If a record contains a picture, skip the picture and transcribe the rest exactly.

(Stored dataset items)
--- START ---

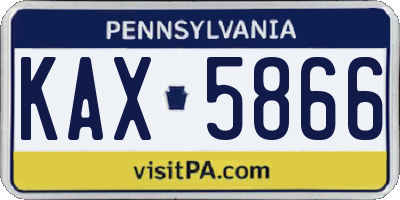 PA license plate KAX5866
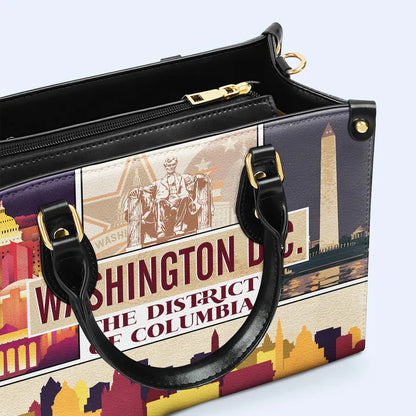 Washington D.C. Landmarks Leather Handbag by CHRISTIANARTBAG – Capital Style Elegance - CABLTHB09010424.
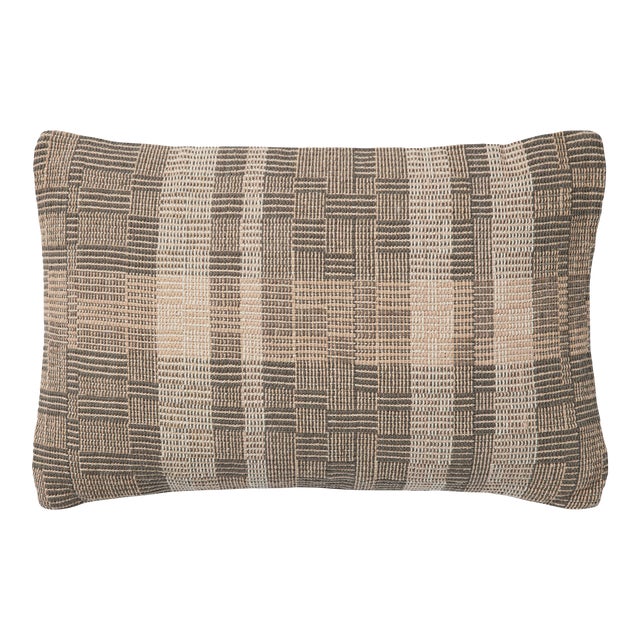 Amber Lewis x Loloi Bea Charcoal / Natural 13'' x 21'' Cover with Down Pillow For Sale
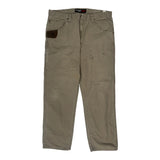Wrangler Double Knee Carpenter Trousers - 36W 30L Khaki Cotton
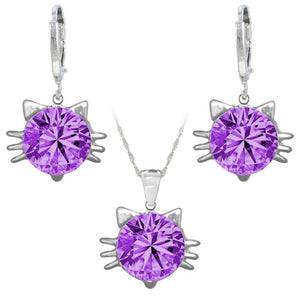 Whiskers Cat Face Jewellery Set in Sterling Silver with Mauve Cubic Zirconia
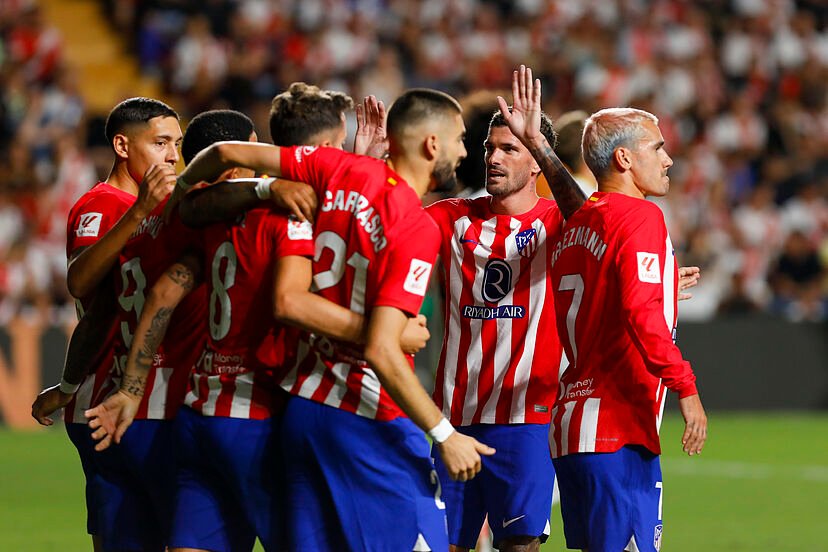 El equipo tras meter un gol. Fuente: Atlético de Madrid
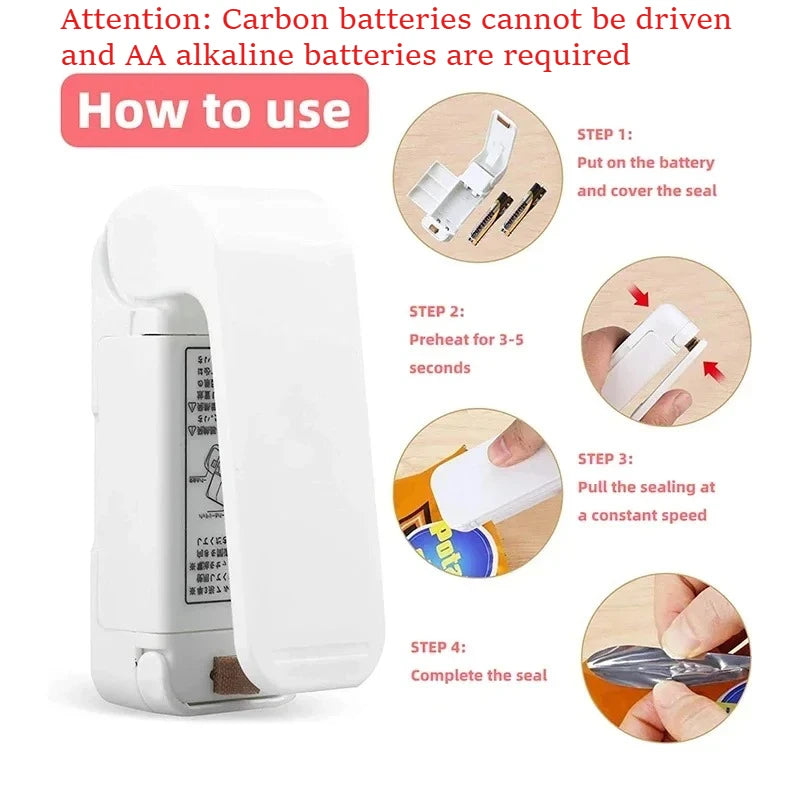 Mini Heat Bag Sealing Machine Package Sealer Bags Thermal Plastic Food Bag Closure Portable Sealer Food Packaging Heat Sealer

--- END ---

■ Your response:
 PA license plate KAX5866
 Washington D.C. Landmarks Leather Handbag by CHRISTIANARTBAG – Capital Style Elegance - CABLTHB09010424.
 Amber Lewis x Loloi Bea Charcoal / Natural 13'' x 21'' Cover with Down Pillow For Sale
Wrangler Double Knee Carpenter Trousers - 36W 30L Khaki Cotton
 Whiskers Cat Face Jewellery Set in Sterling Silver with Mauve Cubic Zirconia
 El equipo tras meter un gol. Fuente: Atlético de Madrid
 Mini Heat Bag Sealing Machine Package Sealer Bags Thermal Plastic Food Bag Closure Portable Sealer Food Packaging Heat Sealer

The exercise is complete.